Some people learning Chinese find menu-reading particularly challenging. I, however, never found menus to be hard relative to reading other things in Chinese. I know someone who used to study Mandarin at Shida who was also adept at menu reading and who could run circles around her classmates when it came to food vocabulary. I also met an American in Japan who generally cannot read Japanese, but who can read ingredient lists in Japanese, including the kanji. Heck, *I* can read ingredient lists in Japanese, and my Japanese is way behind my Mandarin.
There is something the three of us have in common.
We all live on restricted diets.
The former Shida student is lactose-intolerant. The American in Japan is gluten-intolerant. And I am vegan.
Lactose-intolerance brought the former Shida student uncomfortably close to death (she loved that Taiwanese food uses cow’s milk sparingly). I actually met that American in Japan (who I also mentioned in this post) just after she had spent all day lying in bed because eating some gluten by mistake had made her so sick that she could hardly stand up (she let me borrow her laptop, which I used to write a couple blog posts). They were both incredibly motivated to learn how to read the names of foods in Chinese/Japanese. For them, it is a matter of life and death.

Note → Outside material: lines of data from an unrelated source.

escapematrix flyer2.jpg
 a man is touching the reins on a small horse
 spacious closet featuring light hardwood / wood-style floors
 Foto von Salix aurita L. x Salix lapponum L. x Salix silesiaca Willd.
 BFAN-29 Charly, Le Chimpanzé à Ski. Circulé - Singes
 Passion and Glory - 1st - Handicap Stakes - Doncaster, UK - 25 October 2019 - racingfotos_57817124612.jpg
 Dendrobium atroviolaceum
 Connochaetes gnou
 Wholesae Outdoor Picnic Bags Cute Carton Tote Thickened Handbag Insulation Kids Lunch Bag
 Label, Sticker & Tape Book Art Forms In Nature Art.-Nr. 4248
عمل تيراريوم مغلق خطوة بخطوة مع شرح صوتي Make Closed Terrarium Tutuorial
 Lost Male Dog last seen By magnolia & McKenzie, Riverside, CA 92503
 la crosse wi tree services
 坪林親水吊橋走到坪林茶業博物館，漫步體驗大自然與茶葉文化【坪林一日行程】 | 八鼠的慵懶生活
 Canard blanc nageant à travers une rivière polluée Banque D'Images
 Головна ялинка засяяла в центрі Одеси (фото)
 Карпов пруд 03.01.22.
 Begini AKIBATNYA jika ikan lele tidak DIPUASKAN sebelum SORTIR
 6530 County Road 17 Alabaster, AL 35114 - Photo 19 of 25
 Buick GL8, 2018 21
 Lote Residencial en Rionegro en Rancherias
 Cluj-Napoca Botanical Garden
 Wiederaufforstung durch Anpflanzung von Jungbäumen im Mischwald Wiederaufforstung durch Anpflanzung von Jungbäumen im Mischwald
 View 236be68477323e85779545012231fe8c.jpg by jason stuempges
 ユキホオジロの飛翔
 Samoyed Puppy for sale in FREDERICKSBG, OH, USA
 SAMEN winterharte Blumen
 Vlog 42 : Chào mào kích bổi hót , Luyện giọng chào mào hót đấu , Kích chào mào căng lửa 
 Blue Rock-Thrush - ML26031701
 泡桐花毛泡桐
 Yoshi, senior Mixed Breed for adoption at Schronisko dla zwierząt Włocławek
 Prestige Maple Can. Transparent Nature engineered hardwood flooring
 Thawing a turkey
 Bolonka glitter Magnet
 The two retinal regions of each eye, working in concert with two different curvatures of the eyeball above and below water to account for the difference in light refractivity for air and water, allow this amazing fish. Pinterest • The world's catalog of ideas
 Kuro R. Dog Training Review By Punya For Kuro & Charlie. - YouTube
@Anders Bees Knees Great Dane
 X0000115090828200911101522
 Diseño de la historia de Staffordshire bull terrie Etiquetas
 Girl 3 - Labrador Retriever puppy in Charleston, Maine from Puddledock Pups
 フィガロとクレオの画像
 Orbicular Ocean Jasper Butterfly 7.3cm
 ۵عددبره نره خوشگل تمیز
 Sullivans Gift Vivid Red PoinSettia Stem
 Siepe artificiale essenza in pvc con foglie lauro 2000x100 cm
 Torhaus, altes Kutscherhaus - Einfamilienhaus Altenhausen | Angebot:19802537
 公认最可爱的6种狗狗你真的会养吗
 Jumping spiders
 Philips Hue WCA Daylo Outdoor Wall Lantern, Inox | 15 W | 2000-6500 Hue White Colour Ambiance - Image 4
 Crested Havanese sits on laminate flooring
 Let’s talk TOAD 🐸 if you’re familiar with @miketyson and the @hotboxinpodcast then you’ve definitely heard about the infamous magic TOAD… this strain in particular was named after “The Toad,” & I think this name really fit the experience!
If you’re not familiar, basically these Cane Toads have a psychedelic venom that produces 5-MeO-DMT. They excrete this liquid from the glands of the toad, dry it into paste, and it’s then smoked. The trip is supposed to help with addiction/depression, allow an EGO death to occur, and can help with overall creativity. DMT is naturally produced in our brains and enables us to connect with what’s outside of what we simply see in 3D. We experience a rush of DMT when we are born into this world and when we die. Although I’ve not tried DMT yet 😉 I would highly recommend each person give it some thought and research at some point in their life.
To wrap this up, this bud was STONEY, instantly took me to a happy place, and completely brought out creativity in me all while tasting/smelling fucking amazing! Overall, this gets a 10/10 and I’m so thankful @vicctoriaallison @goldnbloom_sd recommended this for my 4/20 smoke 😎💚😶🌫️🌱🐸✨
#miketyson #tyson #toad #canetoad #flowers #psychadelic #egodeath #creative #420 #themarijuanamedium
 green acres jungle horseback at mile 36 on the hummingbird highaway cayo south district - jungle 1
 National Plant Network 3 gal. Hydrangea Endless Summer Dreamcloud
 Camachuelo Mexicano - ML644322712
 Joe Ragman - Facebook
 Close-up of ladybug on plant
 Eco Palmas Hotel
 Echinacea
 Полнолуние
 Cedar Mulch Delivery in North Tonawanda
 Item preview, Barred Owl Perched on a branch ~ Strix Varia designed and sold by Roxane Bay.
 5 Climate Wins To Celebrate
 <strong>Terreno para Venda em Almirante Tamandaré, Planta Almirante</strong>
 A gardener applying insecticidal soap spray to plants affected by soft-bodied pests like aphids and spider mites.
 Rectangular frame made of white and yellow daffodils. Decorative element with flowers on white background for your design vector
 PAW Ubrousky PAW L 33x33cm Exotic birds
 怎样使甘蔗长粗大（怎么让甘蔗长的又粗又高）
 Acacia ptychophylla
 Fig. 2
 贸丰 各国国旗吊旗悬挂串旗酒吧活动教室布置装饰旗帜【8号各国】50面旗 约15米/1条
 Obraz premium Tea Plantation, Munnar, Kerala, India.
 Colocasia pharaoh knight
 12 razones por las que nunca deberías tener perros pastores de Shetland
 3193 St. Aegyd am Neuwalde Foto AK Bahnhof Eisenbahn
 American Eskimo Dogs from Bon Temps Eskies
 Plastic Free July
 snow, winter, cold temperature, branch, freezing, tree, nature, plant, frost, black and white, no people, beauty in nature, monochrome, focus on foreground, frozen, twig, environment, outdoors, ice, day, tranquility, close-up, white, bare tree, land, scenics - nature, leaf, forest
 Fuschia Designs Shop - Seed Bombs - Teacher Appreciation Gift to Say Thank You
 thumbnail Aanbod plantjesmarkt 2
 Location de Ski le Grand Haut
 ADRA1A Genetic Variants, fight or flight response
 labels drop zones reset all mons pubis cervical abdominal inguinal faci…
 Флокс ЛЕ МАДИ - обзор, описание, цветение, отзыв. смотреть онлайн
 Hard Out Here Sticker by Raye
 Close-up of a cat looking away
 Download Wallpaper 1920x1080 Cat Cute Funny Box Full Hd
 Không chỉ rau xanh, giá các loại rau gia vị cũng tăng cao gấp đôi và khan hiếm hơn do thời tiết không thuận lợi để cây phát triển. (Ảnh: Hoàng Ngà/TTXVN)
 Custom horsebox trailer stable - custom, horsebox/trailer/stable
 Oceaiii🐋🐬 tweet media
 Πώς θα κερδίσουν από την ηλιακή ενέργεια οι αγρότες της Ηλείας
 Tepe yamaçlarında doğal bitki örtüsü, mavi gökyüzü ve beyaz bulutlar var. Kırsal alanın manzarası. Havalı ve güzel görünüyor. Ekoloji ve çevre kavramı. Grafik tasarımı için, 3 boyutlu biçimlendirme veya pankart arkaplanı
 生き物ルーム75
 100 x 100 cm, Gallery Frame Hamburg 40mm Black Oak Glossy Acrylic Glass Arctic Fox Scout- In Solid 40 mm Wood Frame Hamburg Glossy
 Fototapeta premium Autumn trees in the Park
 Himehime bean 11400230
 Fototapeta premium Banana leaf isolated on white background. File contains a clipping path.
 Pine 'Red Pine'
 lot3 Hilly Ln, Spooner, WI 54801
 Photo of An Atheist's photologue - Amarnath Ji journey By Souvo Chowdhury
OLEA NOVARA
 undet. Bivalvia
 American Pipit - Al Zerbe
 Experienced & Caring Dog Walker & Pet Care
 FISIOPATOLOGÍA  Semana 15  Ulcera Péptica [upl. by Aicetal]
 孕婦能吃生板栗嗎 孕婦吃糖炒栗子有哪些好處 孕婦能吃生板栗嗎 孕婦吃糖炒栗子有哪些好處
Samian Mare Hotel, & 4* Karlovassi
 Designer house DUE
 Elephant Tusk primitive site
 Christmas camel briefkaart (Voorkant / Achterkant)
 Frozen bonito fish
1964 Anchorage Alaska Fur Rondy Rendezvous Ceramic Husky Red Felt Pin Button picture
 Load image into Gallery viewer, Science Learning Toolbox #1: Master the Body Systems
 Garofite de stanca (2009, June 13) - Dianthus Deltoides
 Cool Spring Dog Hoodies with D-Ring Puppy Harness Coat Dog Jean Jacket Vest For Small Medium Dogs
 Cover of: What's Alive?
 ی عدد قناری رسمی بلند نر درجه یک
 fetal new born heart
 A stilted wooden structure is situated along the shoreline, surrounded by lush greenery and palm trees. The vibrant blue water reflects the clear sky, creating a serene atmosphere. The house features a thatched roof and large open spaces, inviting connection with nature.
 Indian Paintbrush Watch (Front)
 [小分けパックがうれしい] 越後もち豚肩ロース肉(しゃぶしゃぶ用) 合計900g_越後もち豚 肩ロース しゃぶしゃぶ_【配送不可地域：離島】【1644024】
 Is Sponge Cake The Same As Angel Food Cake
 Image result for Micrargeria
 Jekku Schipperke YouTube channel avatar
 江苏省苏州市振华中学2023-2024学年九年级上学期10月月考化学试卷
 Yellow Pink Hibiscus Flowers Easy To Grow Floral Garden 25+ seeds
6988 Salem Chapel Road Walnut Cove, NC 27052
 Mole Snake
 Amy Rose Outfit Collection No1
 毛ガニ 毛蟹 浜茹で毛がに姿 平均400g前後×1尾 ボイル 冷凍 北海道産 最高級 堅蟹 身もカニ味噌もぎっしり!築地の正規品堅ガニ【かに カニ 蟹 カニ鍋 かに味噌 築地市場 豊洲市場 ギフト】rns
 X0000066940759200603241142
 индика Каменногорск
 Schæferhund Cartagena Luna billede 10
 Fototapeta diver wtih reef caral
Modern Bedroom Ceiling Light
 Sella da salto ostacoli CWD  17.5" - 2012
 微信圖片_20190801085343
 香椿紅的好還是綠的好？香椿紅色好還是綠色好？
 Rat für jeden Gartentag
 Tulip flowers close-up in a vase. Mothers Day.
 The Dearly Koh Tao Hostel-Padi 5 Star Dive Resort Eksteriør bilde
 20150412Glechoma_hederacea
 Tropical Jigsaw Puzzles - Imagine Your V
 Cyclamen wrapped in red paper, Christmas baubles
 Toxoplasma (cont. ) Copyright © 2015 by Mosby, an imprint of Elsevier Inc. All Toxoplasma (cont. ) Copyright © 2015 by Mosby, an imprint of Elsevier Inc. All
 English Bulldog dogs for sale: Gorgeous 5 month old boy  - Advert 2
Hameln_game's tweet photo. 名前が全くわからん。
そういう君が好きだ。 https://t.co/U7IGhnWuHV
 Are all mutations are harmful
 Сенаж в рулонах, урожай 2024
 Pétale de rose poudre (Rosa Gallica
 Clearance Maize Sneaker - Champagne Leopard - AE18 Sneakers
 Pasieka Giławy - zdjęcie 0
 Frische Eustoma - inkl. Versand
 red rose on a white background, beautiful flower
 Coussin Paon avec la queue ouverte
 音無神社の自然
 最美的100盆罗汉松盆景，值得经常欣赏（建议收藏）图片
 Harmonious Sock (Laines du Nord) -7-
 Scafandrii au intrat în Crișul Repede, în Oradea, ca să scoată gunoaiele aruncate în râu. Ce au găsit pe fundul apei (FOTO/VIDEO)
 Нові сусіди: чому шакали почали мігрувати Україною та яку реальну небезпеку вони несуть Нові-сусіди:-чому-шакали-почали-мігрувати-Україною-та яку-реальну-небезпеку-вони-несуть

Though non-vegan food can make me physically uncomfortable (my digestive system is not used to it), my life is not on the line. Other lives, of course, are on the line, so this is a serious matter for me.
It is possible, because avoiding the wrong food is so important to all of us, that the names of foods in different languages and writing systems makes a stronger impression on us that it does on language learners who care less, and thus we require less review to get food vocabulary/characters into long-term memory, though I do not have solid evidence for this.
However, I know that we also get a lot more review/reinforcement simply because we are in the habit of reading food labels for everything (and making inquiries when food labels are not available … and having conversations about what is or is not in food). That adds up to a lot of practice quickly.
Also, we all make a significant effort to understand what we are eating even in our native languages. It is a part of our lives. Learning how to read food labels/menus in Chinese/Japanese does not seem much different, so we do not notice.
So what does this mean for Chinese learners? Well, I advocate becoming a vegan on ethical grounds (if you do eat animals, PLEASE PLEASE PLEASE read this, this, and this) but this post is about language learning, not ethics. I do not have any shortcuts for learning how to read menus in Chinese, but I can say that, if you are motivated and practice a lot, it is possible to learn how to read Chinese menus with relative ease.